# Vallisneria Gigantea (Giant/Jungle Val)



## auto303615 (Jun 30, 2004)

The Jungle Val is a big plant and leaves can reach 1m in length and since I have seen very few tanks that are a full meter in height, their leaves will trail across the water.

Here is one leaf that I cut out of my tank this morning:


----------



## auto303615 (Jun 30, 2004)

They can use alot of surface space which can hurt the plants beneath if you are not carefull. I use Jungle Val, Hygro with Anubis and Java Fern in this tank. See how much of the water surface is 'eaten' up by Jungle val:


----------



## auto303615 (Jun 30, 2004)

And from the Top:


----------



## auto303615 (Jun 30, 2004)

In High Light they grow moderately fast. I use DIY CO2 injection and Tropica Grow Master fertilizer along with almost 3 watts per gallon. (3 Watts per gallon is not techinally "High" light but they grow well) All the surface Val that you saw comes from only three plants:


----------



## auto303615 (Jun 30, 2004)

You can see the reproduction by runners in the above picture, this one shows how Val will grow in a line in your tank if you let them (Note this picture is Vallisneria Asiatica var. biwaensis or Corkscrew Val not Jungle Val but Jungle val behaves in a similar fashion.


----------



## auto303615 (Jun 30, 2004)

Like any fast growing plant the Jungle Val likes iron and will turn yellow when there is not enough available.
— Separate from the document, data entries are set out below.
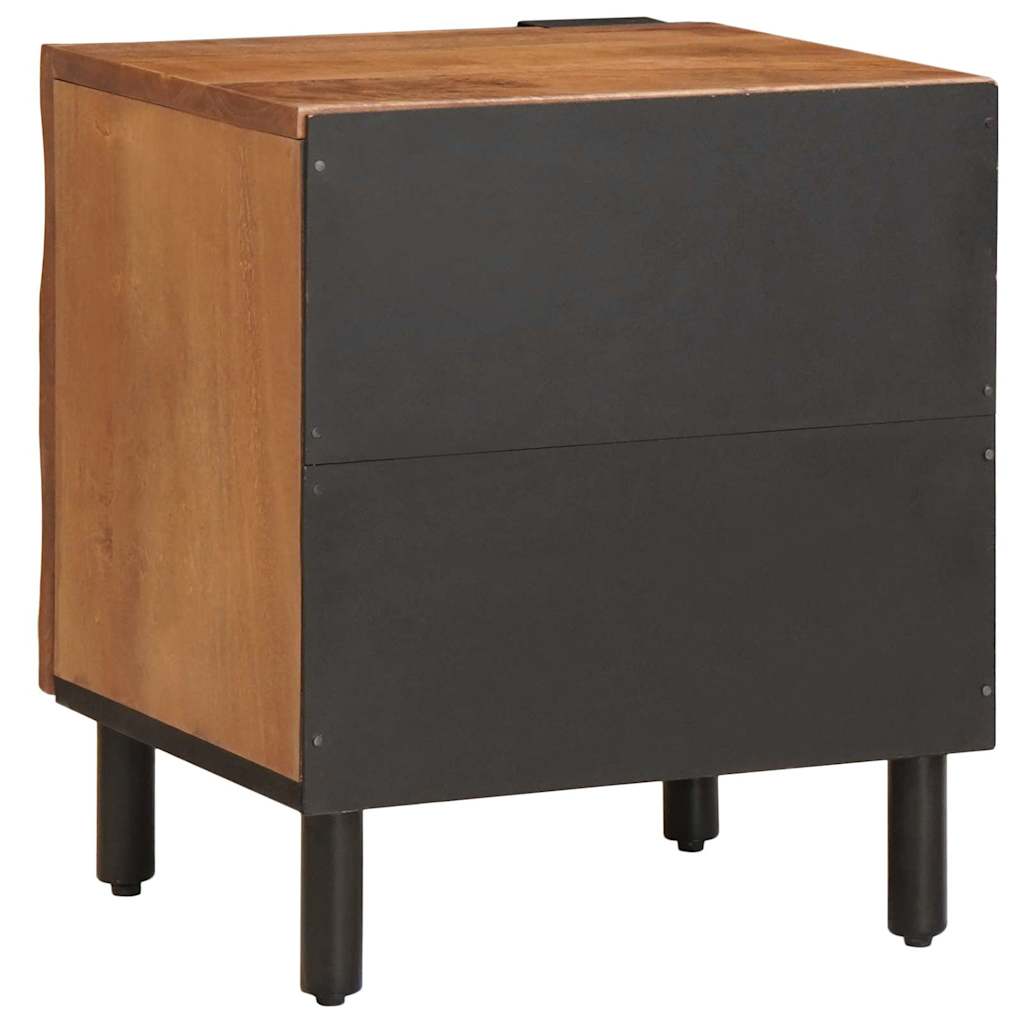 Nachttisch 2 pcs Braun 40 x 33 x 46 cm Massivholz Mango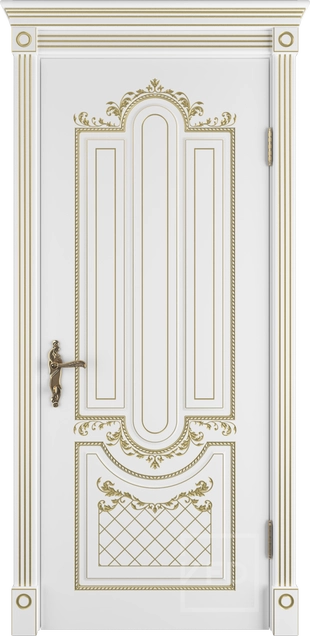 Александрия ДГ 3D Белая эмаль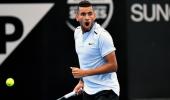 PHOTOS: Siniakova tames Sharapova; Kyrgios sets up Dimitrov clash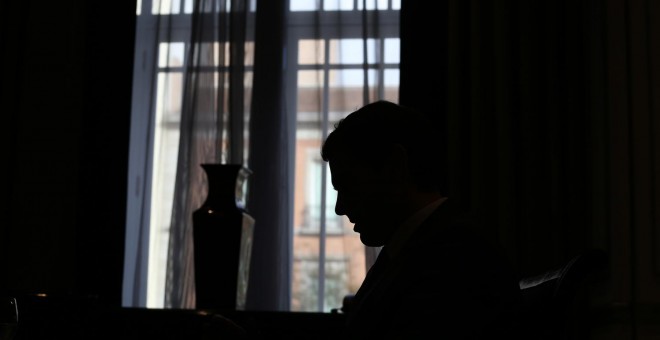 El presidente de Ciudadanos, Albert Rivera, en el hotel Palace de Madrid, donde mantuvo una entrevista con 'Público'. JAIRO VARGAS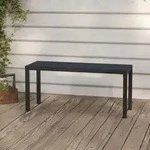 Gartenbank 110 Cm Stahl Und Wpc Schwarz Vidaxl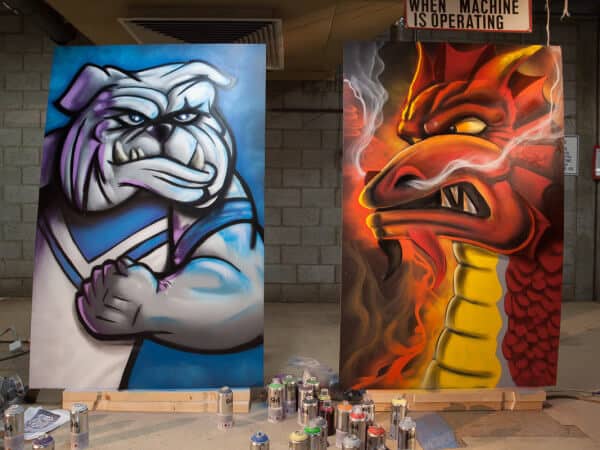 promotional graffiti
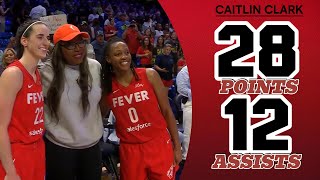 Caitlin Clark Dominates with 28 Points amp 12 Rebounds Indiana Fever vs Dallas Wings wnbahighlights [upl. by Frere]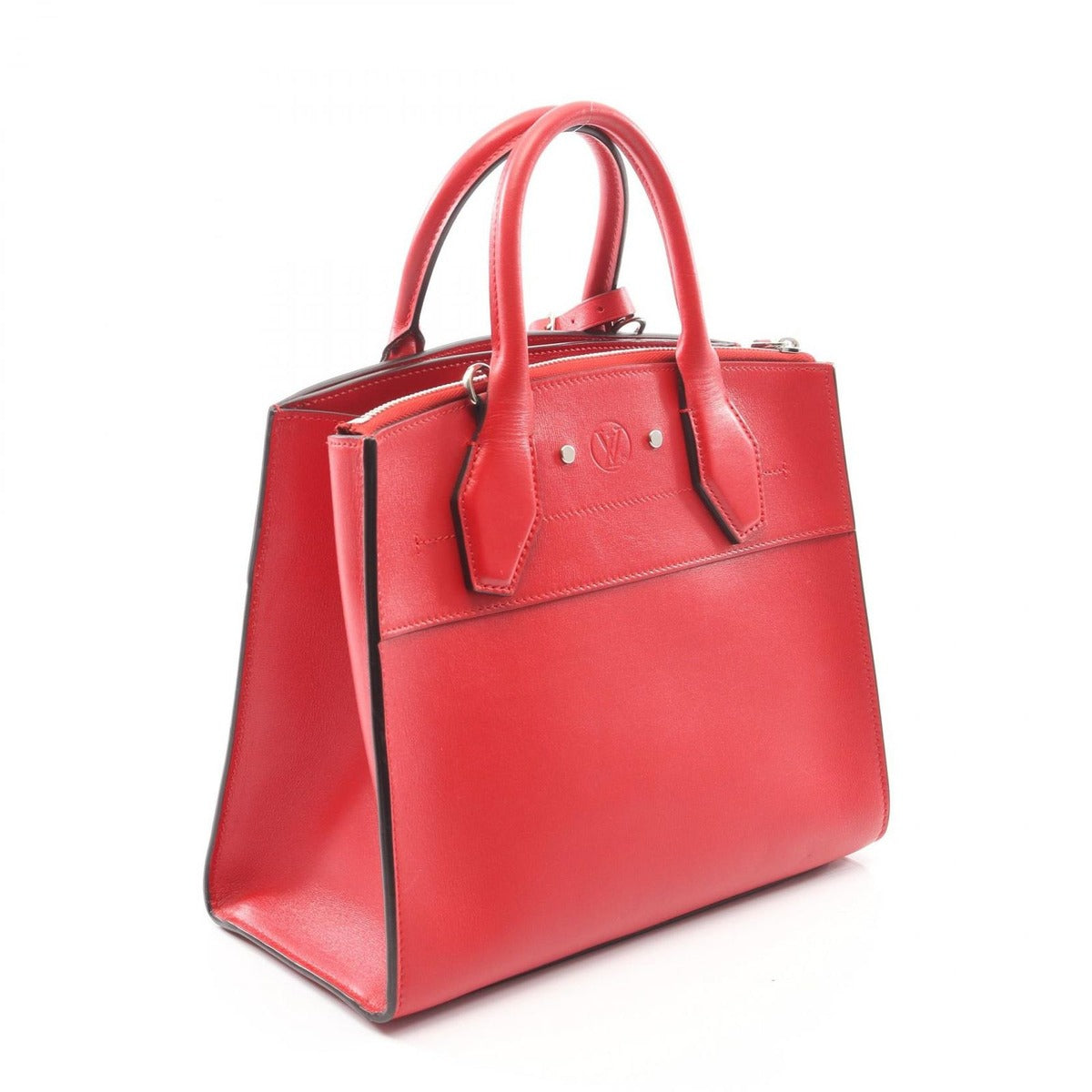 Louis Vuitton Handbag City Steamer PM Rouge Leather Red — view 2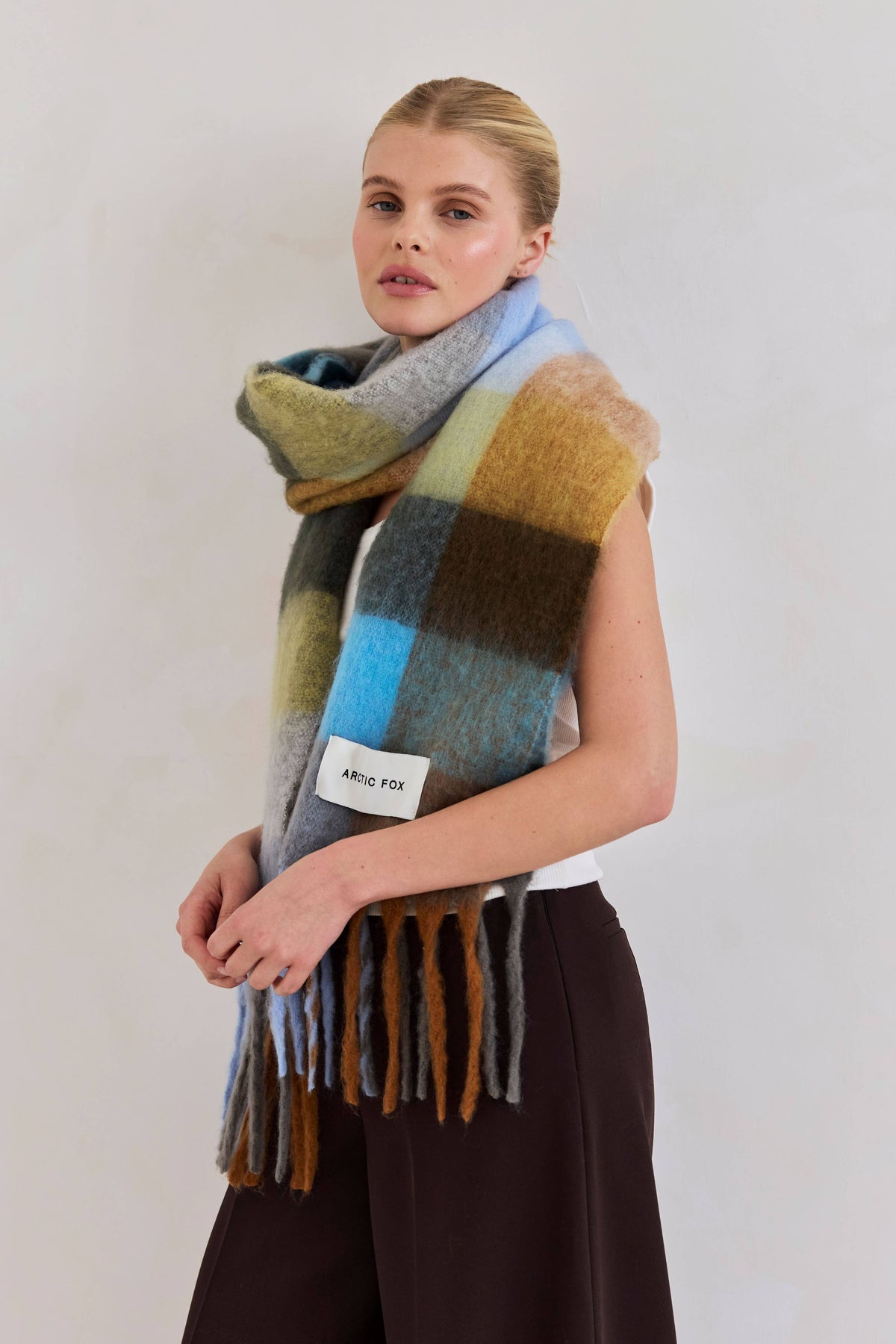 Blue Orange Reykjavik Scarf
Here is how the Val looks when the tank is full...
From the Left:


----------



## auto303615 (Jun 30, 2004)

And from the Right.
(Keep in mind that this is a 72 Gal tank and is 4 feet across. That's alot of Val coming from only three plants!!)


----------



## Judazzz (Jan 13, 2003)

That's a nice bit of information, and cool pics








Thanks for sharing!

So leafs turning yellow means an iron-deficit? I have giant valls in my redbelly tank, and it used to do great, but now, some 8 months after planting, some leafs start to turn yellow or even seem to disintegrate.
I laid a layer fertilizer soil below the gravel, and people told me it should be enough for at least 2-3 years: appearantly not...


----------



## auto303615 (Jun 30, 2004)

Yeah watch those sub-surface fertlizers (I use laterite clay in all my plant tanks). Hungry (fast growing plants) will eat through the stuff. I pour in laterite when first setting up my tank and then I use Tropica Grow Master to keep iron levels high as the laterite is consumed.


----------



## Judazzz (Jan 13, 2003)

auto303615 said:


> Yeah watch those sub-surface fertlizers (I use laterite clay in all my plant tanks). Hungry (fast growing plants) will eat through the stuff. I pour in laterite when first setting up my tank and then I use Tropica Grow Master to keep iron levels high as the laterite is consumed.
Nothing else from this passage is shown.